If someone a little younger than he was, say with longer hair, a paler complexion and a tie-dyed (as opposed to paisley) wardrobe, came out of prison spouting the claptrap about peace and loving children the way he has, they’d be written off as a hippy and nothing more. He is more talk (and fund-raisers and parties and conventions and summits) than anything else. What did he achieve, really? SA is a mess, and it’s a reflection of the job he did. If he’s such a masterful peace negotiator, how is it that he hasn’t solved a crisis in ANY other country? He didn’t even solve one here, he supposedly averted one. If you take away the hype the media presented (“one boer one bullet” didn’t get famous on its own), it’s doubtful whether the threat of civil war even existed outside the minds of paranoid whites. Were I to ever meet the sod, I’d ask him if he’s ever used his Nobel Peace prize as bog-roll, because that’s what I think it’s worth.

bayonet1976 touched on another interesting issue, namely Mandela’s questionable political leanings. There have been numerous times when his policies regarding Gaddafi, Castro and others have seriously jeopardised the country’s relations with the US -a relationship far more important and beneficial then what the “rebel” countries could offer. That smacks of blind, irresponsible self-interest.

And, unfortunately, given the direction his successor has headed in (as well as the telling attitude towards Mugabe), I don’t think the “Why didn’t SA follow Zimbabwe” question can be answered yet.

For the record, I think “race” is an utterly ridiculous concept that needs to be destroyed. Had he come out of prison saying that, he would’ve been my hero.

Mandela is a hero, not because of what he did, but because of what he came to symbolise. Does he personally deserve all this hero worship? Well, possibly not. He has been through a lot of unjust persecution, but so have a lot of South Africans. But some people accomplish a lot by just being a symbol.

His position is not unusual. Many have similarly reached an elated status through being a symbol of something rather than achieving much themselves. I believe we can use a certain low-ranking female US soldier as an example. She never did much to warrant being a heroine compared to any other soldier, but there she is.
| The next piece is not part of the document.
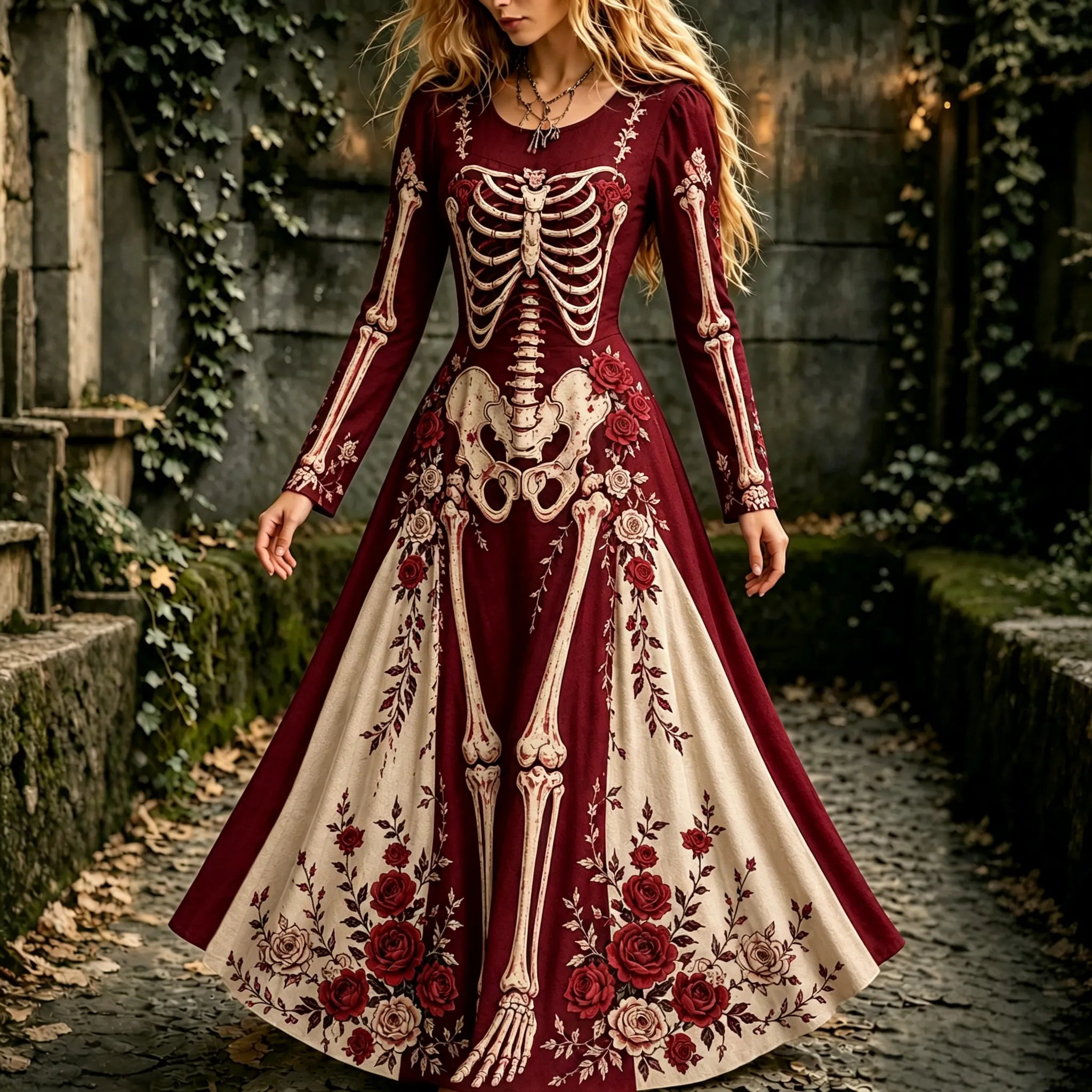 Women's Halloween Gothic Skeleton & Floral Long-sleeve Maxi Dress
I also can’t understand a few comments in this thread. Guess what guys, you can be a full-on communist and still be hero to many. It doesn’t make you a horrible human being either. Winnie, on the otherhand, is a different kettle of fish. A better example of corruption by power and reputation by association you’d couldn’t hope to find.
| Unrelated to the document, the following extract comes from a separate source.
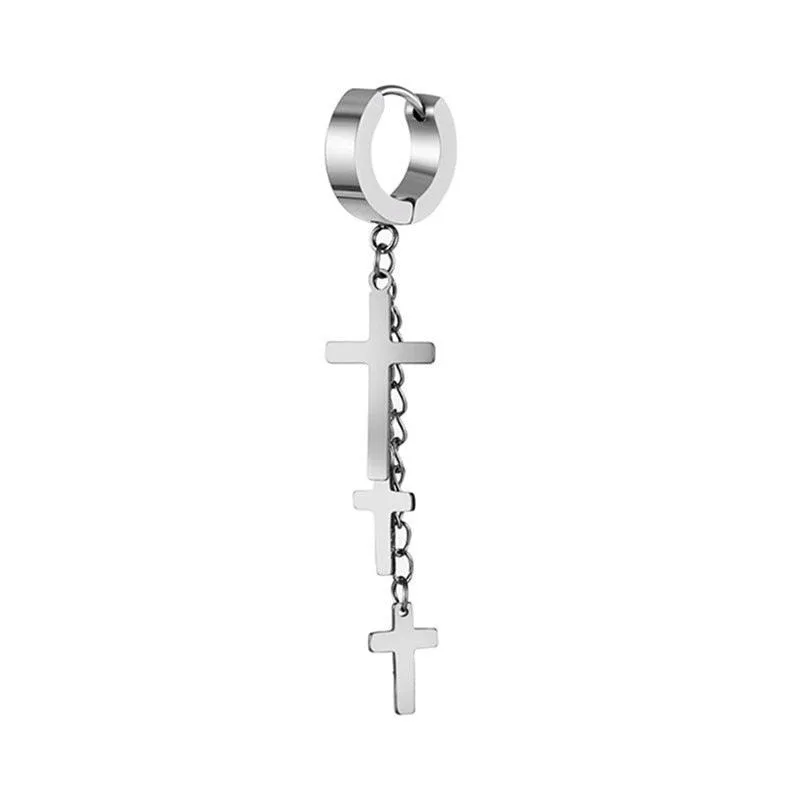 Gothic Punk Black Cross Long Chain Earrings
Nor do I follow the equation that Questioning Mandela hero-worship = Support for apartheid and racism that some posters have touted. The OP put forward a valid point and others have given knee-jerk responses that suggests some things are not be questioned.

Well, firstly the “Hero or Zero” phrasing strikes me as so extreme as to legitimately raise questions. If you can’t take the heat, stay out of the kitchen as the saying goes.
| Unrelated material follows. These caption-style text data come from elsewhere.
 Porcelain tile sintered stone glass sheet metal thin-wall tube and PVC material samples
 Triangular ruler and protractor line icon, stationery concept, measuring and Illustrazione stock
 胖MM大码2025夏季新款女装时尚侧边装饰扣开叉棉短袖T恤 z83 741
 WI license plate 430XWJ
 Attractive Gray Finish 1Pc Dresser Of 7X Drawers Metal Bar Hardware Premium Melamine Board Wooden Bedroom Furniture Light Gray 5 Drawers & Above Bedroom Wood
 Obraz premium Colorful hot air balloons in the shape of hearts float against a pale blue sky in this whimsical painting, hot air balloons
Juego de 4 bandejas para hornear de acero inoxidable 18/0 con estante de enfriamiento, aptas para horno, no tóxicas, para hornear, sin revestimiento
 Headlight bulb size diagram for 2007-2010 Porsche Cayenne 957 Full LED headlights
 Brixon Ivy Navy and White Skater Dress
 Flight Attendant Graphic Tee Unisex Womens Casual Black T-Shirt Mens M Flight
Second, like Boo, your careful phrasing reminded me of a certain kind of SAfrican white expat that one runs into. That does not make a criticism illegit, but the reality is there.

True enough.

I rather suspect it has a great deal to do with his race, but what can we say.

This particular criticism is emblamatic then of the bizarre yardstick for your criticisms so far.

(a) To the best of my knowledge his jailors on Robin Island were not the most magnimoniously accomodating sorts who stocked extensive libraries on all matter of subjects.
(b) AIDS up to 1990 had not yet hit SA like it had its northern neighbors. Certainly a man sitting in prison, under strict control and observation may be forgiven for not being 100% up on the social changes ongoing in his time imprisoned - for political crimes above all.
© It strikes me that Mandela is not a medical doctor so may also be forgiven for not being an expert nor 100% up on all matter of things.
(d) It strikes me as rather drippingly hypocritical to launch this as a criticism of the man. His field was politics, and if he overlooked this, well, again he at least is not willfully blinkered as Thabo is.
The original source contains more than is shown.